The workload archetype is the upstream choice that sets every downstream cost — and the earliest ones (siting, plumbing) are one-way doors.

Every other decision in this guide — the voltage you step down to, the temperature of the water you push to the rack, the oversubscription ratio on the back-end fabric, the redundancy tier you commission to, the county you site in — is downstream of one question that is almost never asked first: what is this machine for? Not "AI" in the abstract. The specific workload, its coupling, its tolerance for interruption, and its proximity requirement to the user. That answer is the master variable. Get it right and the rest of the lifecycle is a series of well-posed engineering problems. Get it wrong and you have spent two to four years and a capital stack on a facility that is mis-matched to the revenue it was supposed to earn — and most of those mistakes cannot be undone without re-pouring concrete.

This chapter is the framework that forces the question to the front. We define the five workload archetypes and the four procurement archetypes, then trace the requirements cascade: the deterministic chain by which an archetype propagates into density, cooling, fabric, storage, redundancy, siting, and TCO. We close on which decisions are reversible (defer them, keep optionality cheap) versus irreversible (over-build or hedge them now), the artifacts that capture a defensible scope, and the anti-patterns that recur because someone skipped this step.

The two orthogonal questions

Scoping an AI data center is two questions, and they are orthogonal — you must answer both, and the answer to one does not determine the answer to the other. WHAT will run here: pre-training, post-training/RL, online inference, batch inference, or edge inference (in practice, a weighted mix, but with a dominant archetype that sets the design basis). HOW will the capacity be procured and built: greenfield self-build, retrofit of an existing hall, wholesale or retail colocation, or rental from a GPU neocloud. A frontier pre-training run can be served from a self-build, a colo, or a neocloud; an online-inference business can equally be any of the four. The cross-product is a 5x4 matrix of real, deployed facilities — and the cost of mismatching a cell to its workload is the recurring theme of Part 1.

The reason this matters more in 2026 than it did in 2020 is that the binding constraint moved. The industry was chip-bound — the question was how many accelerators you could buy. It is now power-bound: the question is how many megawatts you can energize, and when. The US generator interconnection queue held roughly 2,290 GW of active generation and storage capacity at the end of 2024 — about twice the entire US installed fleet — with median time-to-energization approaching five years and large-load waits of four to seven years in the densest hubs (LBNL Queued Up 2025 Edition; utility filings). When power is the scarce input, a mis-scoped archetype does not just waste capital — it burns an interconnection slot you cannot get back, against a depreciation clock that is already running.

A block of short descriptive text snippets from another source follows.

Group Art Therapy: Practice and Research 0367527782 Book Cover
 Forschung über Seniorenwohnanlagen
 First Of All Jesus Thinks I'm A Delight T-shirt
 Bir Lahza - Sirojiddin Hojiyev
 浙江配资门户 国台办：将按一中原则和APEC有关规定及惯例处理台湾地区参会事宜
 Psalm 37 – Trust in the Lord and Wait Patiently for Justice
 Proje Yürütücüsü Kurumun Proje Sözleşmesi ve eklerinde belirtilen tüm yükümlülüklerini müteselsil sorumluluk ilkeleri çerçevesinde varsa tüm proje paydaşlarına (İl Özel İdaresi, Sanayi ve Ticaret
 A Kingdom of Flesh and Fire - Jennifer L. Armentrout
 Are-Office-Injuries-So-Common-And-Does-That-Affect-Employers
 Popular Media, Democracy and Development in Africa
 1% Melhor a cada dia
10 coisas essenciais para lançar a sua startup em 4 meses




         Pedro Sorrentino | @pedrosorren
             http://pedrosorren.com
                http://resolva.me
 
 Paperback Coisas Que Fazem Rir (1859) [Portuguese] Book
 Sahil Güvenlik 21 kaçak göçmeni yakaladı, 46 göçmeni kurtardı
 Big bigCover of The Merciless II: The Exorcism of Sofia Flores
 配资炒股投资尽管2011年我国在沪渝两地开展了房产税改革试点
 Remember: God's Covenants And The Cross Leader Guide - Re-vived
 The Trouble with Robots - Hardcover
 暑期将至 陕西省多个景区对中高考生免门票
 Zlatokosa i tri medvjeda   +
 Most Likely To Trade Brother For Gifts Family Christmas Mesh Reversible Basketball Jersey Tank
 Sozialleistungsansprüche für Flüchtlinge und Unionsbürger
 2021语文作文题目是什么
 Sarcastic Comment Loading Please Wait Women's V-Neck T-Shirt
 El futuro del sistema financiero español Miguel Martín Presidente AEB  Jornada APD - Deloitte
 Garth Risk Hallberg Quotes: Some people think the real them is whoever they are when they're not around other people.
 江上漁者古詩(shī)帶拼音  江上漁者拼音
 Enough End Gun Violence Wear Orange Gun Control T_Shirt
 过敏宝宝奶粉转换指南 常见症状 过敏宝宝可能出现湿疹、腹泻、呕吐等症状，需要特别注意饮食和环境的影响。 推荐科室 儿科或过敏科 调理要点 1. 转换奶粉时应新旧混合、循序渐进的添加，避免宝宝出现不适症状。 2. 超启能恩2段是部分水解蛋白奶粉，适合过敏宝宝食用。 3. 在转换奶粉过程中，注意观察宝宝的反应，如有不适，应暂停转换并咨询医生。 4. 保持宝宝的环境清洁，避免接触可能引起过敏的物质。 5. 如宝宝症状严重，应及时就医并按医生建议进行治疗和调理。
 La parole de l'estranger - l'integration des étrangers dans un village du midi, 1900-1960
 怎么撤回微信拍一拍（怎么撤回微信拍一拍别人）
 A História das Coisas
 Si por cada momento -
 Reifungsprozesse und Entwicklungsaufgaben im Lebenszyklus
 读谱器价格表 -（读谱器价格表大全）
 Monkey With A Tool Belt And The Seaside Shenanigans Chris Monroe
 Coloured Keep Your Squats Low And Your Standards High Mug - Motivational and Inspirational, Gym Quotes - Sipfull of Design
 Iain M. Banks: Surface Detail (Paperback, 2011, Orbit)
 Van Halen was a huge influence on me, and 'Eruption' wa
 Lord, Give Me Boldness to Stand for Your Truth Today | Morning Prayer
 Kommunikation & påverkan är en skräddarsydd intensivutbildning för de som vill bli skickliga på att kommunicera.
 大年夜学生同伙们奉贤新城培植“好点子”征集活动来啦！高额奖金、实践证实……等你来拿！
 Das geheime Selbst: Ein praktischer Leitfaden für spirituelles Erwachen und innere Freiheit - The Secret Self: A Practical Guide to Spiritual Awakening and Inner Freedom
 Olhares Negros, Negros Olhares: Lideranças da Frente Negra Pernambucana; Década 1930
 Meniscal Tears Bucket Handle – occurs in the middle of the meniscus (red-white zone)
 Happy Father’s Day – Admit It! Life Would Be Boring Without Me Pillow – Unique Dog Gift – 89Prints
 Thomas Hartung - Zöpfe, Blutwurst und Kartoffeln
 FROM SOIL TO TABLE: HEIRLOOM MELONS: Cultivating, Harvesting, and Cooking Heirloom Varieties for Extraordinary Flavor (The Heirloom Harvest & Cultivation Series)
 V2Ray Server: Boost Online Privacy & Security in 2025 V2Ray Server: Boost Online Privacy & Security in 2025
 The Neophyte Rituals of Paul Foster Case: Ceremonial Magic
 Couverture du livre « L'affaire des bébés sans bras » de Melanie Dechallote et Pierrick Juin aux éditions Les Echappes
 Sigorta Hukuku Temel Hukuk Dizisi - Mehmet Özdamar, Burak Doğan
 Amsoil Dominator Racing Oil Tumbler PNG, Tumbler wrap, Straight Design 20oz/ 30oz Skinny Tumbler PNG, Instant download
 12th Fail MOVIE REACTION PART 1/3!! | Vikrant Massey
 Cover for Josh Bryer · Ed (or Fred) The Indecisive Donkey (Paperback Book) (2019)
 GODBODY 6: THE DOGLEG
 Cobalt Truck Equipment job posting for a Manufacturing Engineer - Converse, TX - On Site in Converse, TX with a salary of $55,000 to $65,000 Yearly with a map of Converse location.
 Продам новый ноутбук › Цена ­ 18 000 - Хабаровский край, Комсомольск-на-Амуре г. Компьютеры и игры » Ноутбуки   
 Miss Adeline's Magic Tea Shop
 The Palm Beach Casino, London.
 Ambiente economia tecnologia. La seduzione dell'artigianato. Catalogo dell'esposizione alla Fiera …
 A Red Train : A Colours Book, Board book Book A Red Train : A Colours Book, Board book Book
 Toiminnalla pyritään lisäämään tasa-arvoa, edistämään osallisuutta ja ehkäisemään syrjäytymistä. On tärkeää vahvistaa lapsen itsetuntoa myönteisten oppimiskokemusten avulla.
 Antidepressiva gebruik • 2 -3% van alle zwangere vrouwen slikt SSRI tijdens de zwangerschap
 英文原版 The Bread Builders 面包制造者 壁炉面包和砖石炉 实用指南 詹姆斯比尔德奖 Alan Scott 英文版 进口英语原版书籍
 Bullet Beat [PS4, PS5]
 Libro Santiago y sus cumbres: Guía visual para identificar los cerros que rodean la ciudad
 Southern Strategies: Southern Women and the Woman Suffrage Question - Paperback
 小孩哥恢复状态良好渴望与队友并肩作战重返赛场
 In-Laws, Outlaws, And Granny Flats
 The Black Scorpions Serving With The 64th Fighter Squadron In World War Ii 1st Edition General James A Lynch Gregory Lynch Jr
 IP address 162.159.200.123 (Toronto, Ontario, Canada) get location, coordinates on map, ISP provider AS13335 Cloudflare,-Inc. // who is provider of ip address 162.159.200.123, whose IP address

The five workload archetypes

The five archetypes are distinguished by three properties that drive everything else: coupling (how tightly the accelerators must communicate within a single unit of work), interruption tolerance (whether the job survives a node failure cheaply or restarts from a checkpoint), and latency sensitivity (whether a user is waiting on the output in real time). Hold those three in mind as you read the cascade table below — they are the levers that translate "what runs here" into "how it must be built."

Pre-training is one tightly-coupled supercomputer. Thousands of GPUs run synchronous data-, tensor-, pipeline-, and expert-parallelism, dominated by all-reduce/all-gather collectives across the back-end fabric on every step. The whole job moves at the speed of its slowest straggler; a single failed GPU in a synchronous run forces a restart from the last checkpoint. This is the archetype that demands maximum density, direct-to-chip liquid cooling, a 1:1 non-blocking fabric, and the largest scale-up domains money can buy. → Chapter 1.2.

Post-training / SFT / RLHF / RL is the hybrid middle, and it is the most misunderstood archetype in the building. Supervised fine-tuning is a small, bursty training job. But large-scale RL for reasoning is inference-heavy training: the dominant cost is generating rollouts — trajectories of 10K–100K+ tokens sampled from the current policy — not the gradient update that follows. That makes an RL cluster look like a fleet of inference engines feeding a comparatively small trainer, with asynchronous, staleness-tolerant coupling between the two. Scoping it as if it were pre-training over-provisions the fabric; scoping it as pure inference starves the policy update. → Chapter 1.4.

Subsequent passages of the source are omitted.